ColeCampton commented 4 years ago

I noticed that some outputs with new data sets had missing mean ORF values for certain subpopulations. When I investigated it seems that the output ORF means don't agree with those in the spreadsheet. For example use "$primr_src", clear summarize eq_orf if treat_phase==1 & grade==1 & cohort ==1 Reports a mean of 5.35. However the value for the mean listed in the output spreadsheet is 6.778 and is presented as 6.8 in table 2 of CS.

I have yet to identify the cause of this problem. @TSSlade

TSSlade commented 4 years ago

The command you've pasted there is not invoking the survey weights. Did you accidentally elide that from this issue, or is it possible that you're running the mean commands on naïve/unweighted data?

ColeCampton commented 4 years ago

Ah okay, i did forget the weights. Let me reassess

ColeCampton commented 4 years ago

`global DRC_src = "....\unesco_equity\data\d.PUF_DRC_Baseline_Endline Grade 2-4-6 French Sample A\PUF_3.DRC2010_2014-Baseline_Endline_grade2-4-6_EGRA-EGMA_French_SampleA.dta"

use "$DRC_src", clear

summarize orf if treat_phase ==6 & grade ==2

Variable | Obs Mean Std. Dev. Min Max -------------+--------------------------------------------------------- orf | 0

summarize orf if treat_phase ==6 & grade ==4

Variable | Obs Mean Std. Dev. Min Max -------------+--------------------------------------------------------- orf | 1,725 7.878551 13.91502 0 141

The output from from running my DRC preprocessing do file reports 32.465 for the first and empty for the second. Admittedly this is like an issue with how I am using 00_apply_analysis.do

TSSlade commented 4 years ago

What's the count of observations in each of those subpops? (Esp. the first one)
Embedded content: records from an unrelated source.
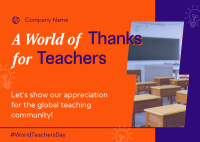 Modern Teachers Day Postcard Design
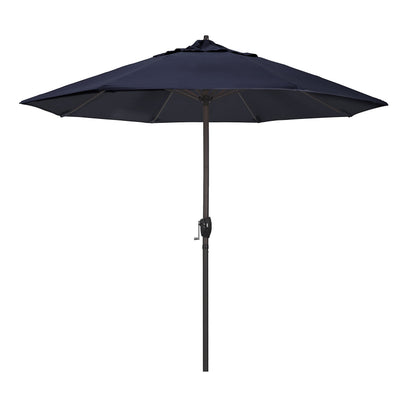 California Umbrella 9' Rd Sunbrella Aluminum Patio Umbrella, Crank Lift, Auto Tilt, Bronze Pole, Pacific Blue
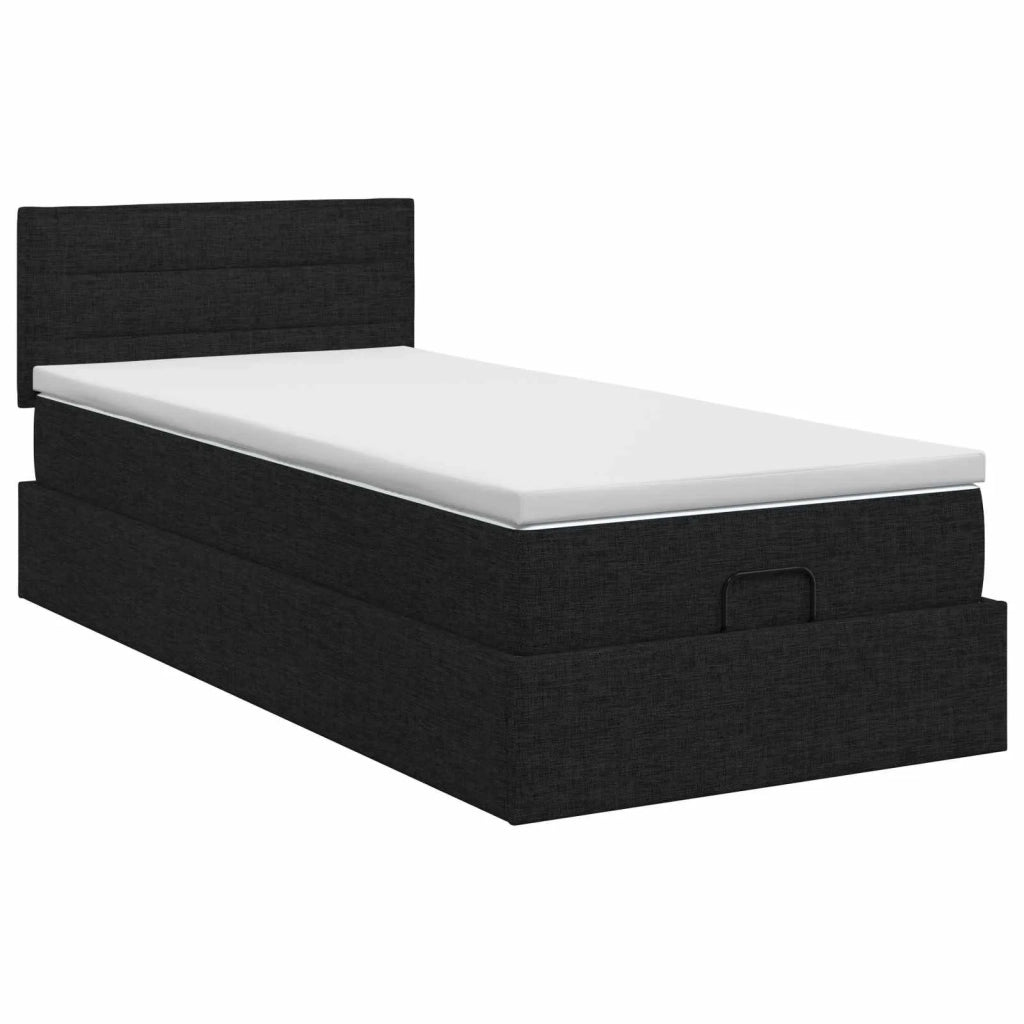 Letto ottomano con materasso Nero 90 x 190 cm Tessuto 3456207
ColeCampton commented 4 years ago

1795 and 1745 respectively

TSSlade commented 4 years ago

Which disagrees with the output of the summary command above... That is seriously weird. Maybe we need a screenshare to investigate.

ColeCampton commented 4 years ago

Yes, however count if treat_phase==6 & grade==4 & !missing(orf) returns 1725 which does agree. It seems there are many missing orf values. The confusion part was that the missing values were not where I expected them in the excel sheet. I would be happy to screenshare and see what we can find tomorrow

ColeCampton commented 4 years ago

Error ended up being numerical indexing into subpopulation summary statistic matrix producing unexpected results when there are subpopulations with missing orf data. The fix was feature name indexing along with populating variables as empty when the orf data is missing.